Workplace Fairness is defined as the harmony of Justice, Efficiency, Engagement and Resource Sufficiency in Workplace Conflict Management Systems. Each of these four Fairness Quotients: Justice, Efficiency, Engagement, and Resources consist of a number of elements or focuses as listed in the table below. These are the constituent parts of workplace fairness.
I have come to the conclusion that Workplace Fairness is a commodity most sought after by employees, managers and employers. Where a workplace meets the standards of fairness listed above, it will be healthier, happier and more productive.
But this is only part of the reason why we should care about workplace fairness. Underlying the quest for harmony and increased productivity is really a philosophy about how we choose to live our lives. As human beings most of us spend nearly half of our waking adult lives in the workplace. Our work defines us to a great extent.

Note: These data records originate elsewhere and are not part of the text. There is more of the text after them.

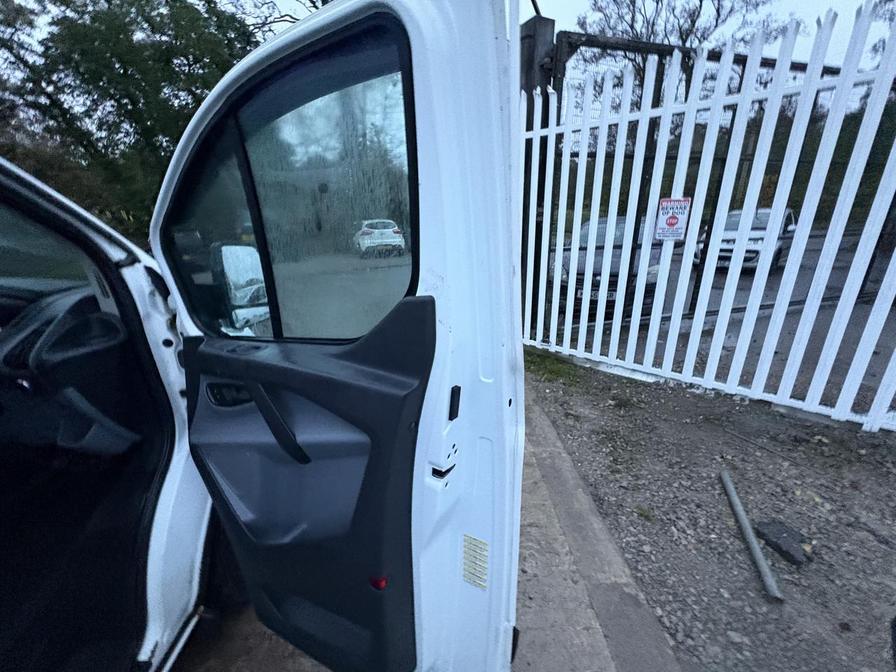 Used Ford Transit Custom 2014 for sale - 76475465: Photo 14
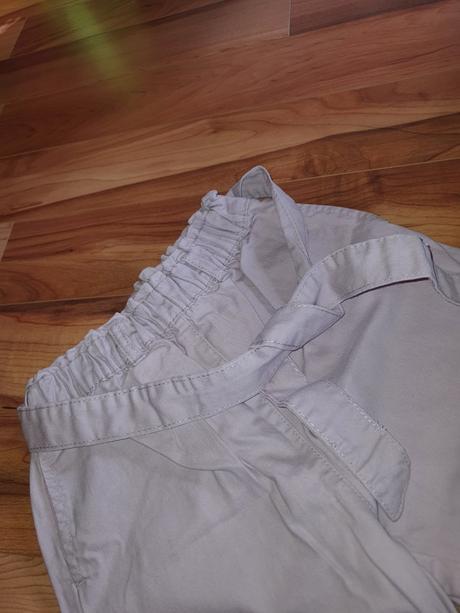 Úžasné hrubšie nohavice, 140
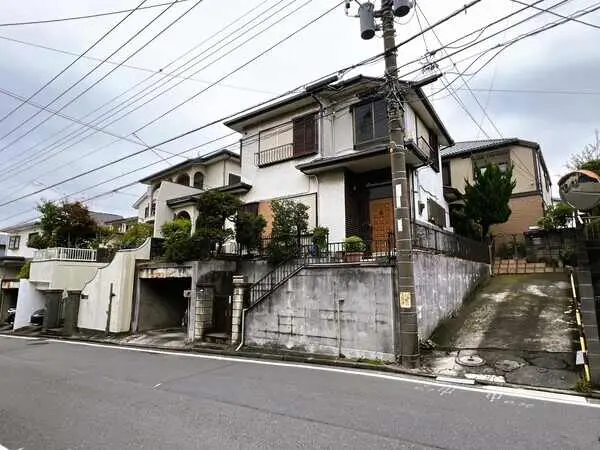 神奈川県横浜市港南区芹が谷４丁目 土地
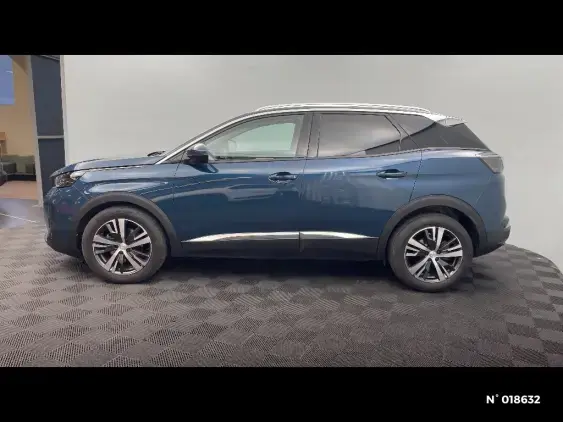 PEUGEOT 3008 II - voiture d'occasion - Photo 2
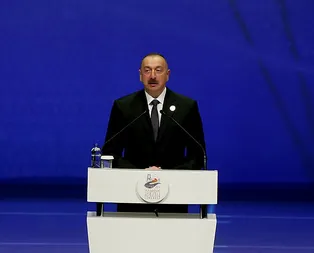 Azerbaycan Cumhurbaşkanı Aliyevden Vandaki çığ felaketine ilişkin taziye mesajı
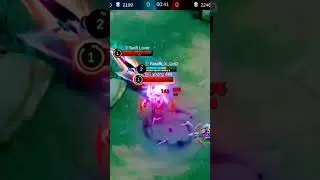 1hp nolan😱 gg camper#mobilelegends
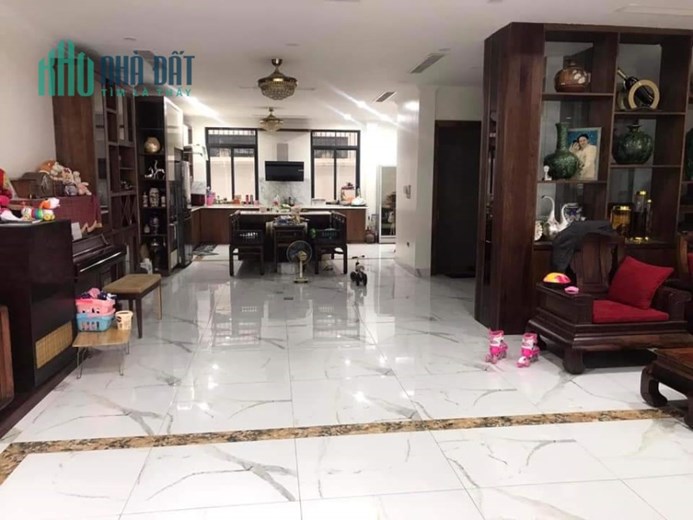 Bán nhà khu đô thị Viglacera Xuân Phương, mặt đường 70,  102m2  lô góc Kinh doanh, Vp cty đỉnh giá
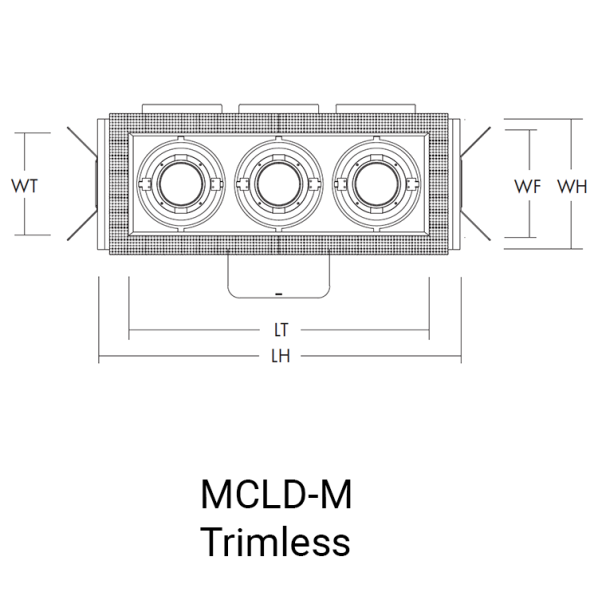 MCLD-M Linedrawing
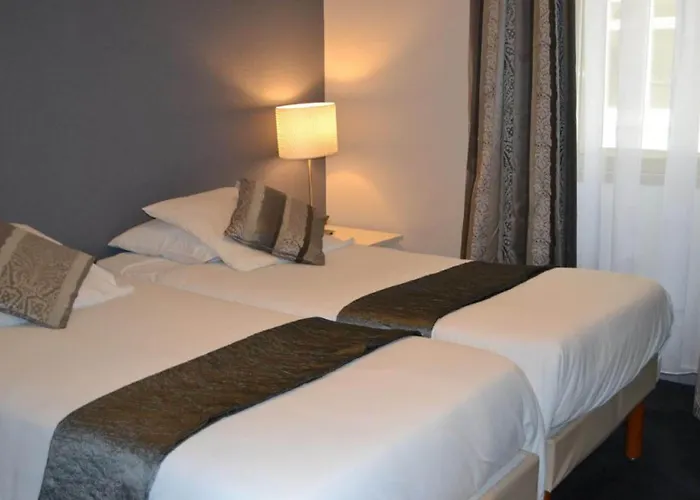 Hotel Saint Ferreol Marseilles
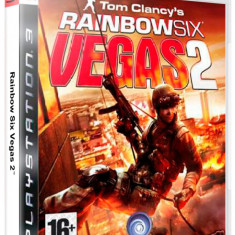 Joc PS3 Tom Clancy's RAINBOW SIX VEGAS 2 Playstation 3 aproape nou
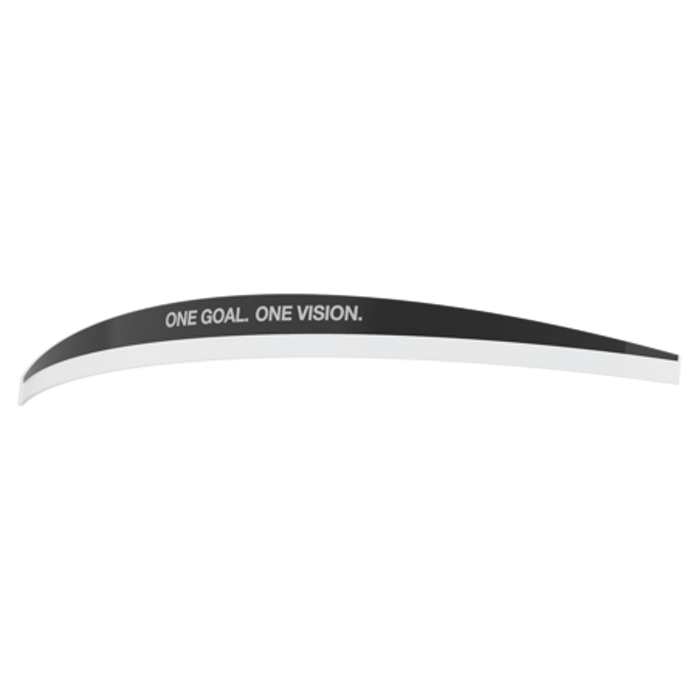 Foto: Roll-Off modderstrip voor Vision 8 / 5 / 3 goggles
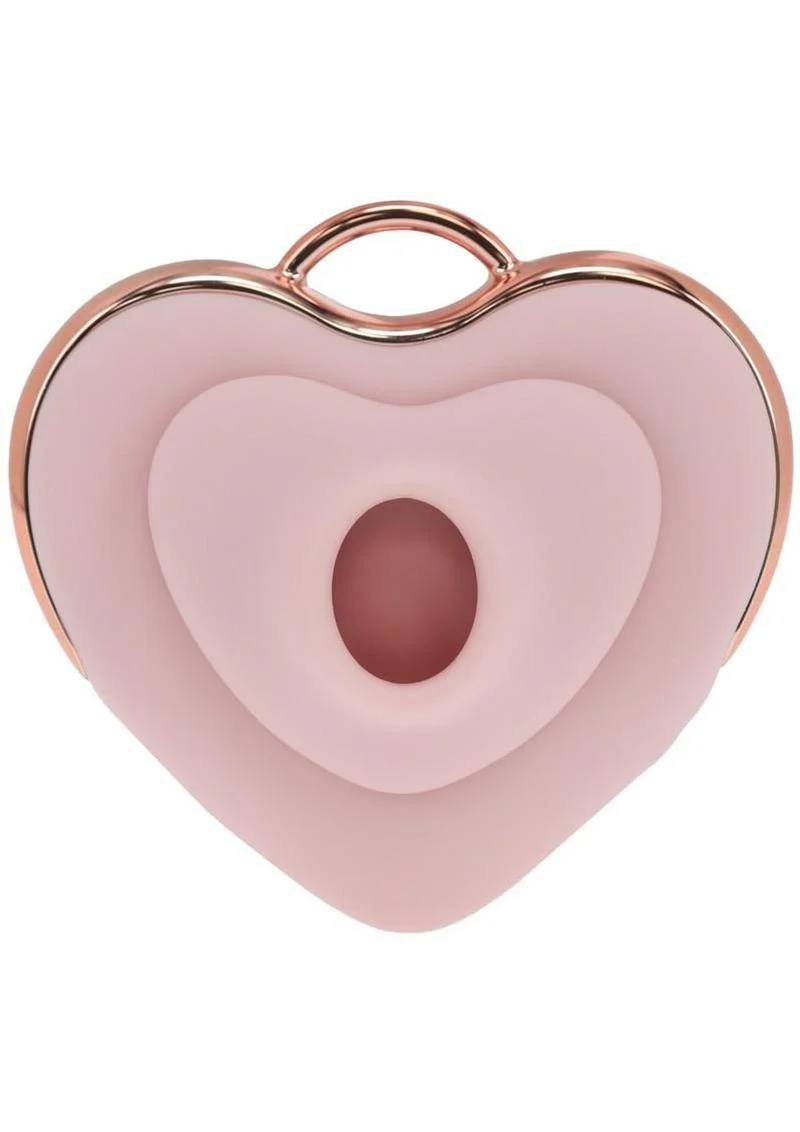 Loveline Luvie 15-Function AirTap Tech Vibe - Image 2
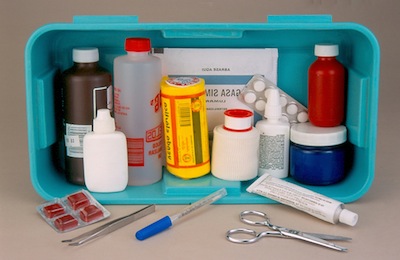 Farmacia Medina: Botiquín básico que debes tener en tu casa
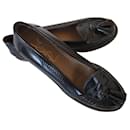 Brown heart loafers, 37IT. - Yves Saint Laurent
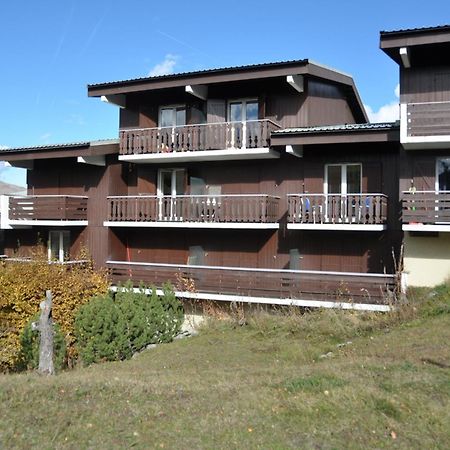 Vacancéole - Résidence Lautaret 5 Les Deux Alpes Exterior foto
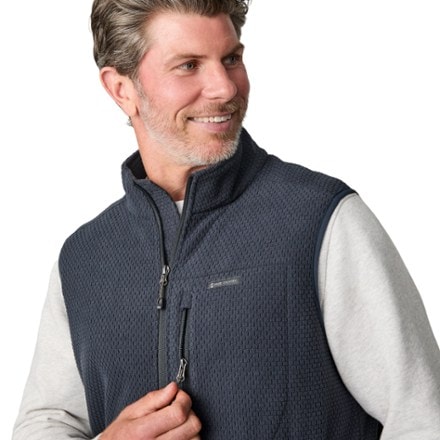 Free Country Brick Fleece Adventure Vest - Men's 2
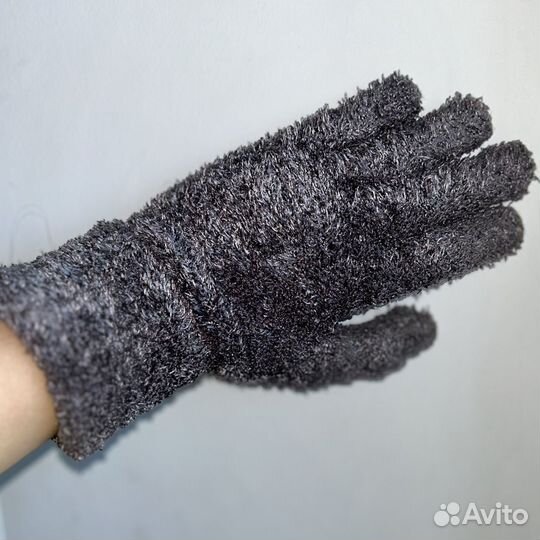 Перчатки 4 пары пакетом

We are social beings that are partly the product of our own socialization. Workplace structures that are essentially unfair lead to a general sense of unfairness in the workplace. By accepting unfairness in the workplace we condition ourselves and our society to accept unfairness in other aspects of our lives and the lives of others on the planet we share. This may account in some part for our acceptance of unfairness in the world around us.
Therefore, there is a greater need to seek fairness in every aspect of our lives.
It is for this reason, that I believe we must care about workplace fairness.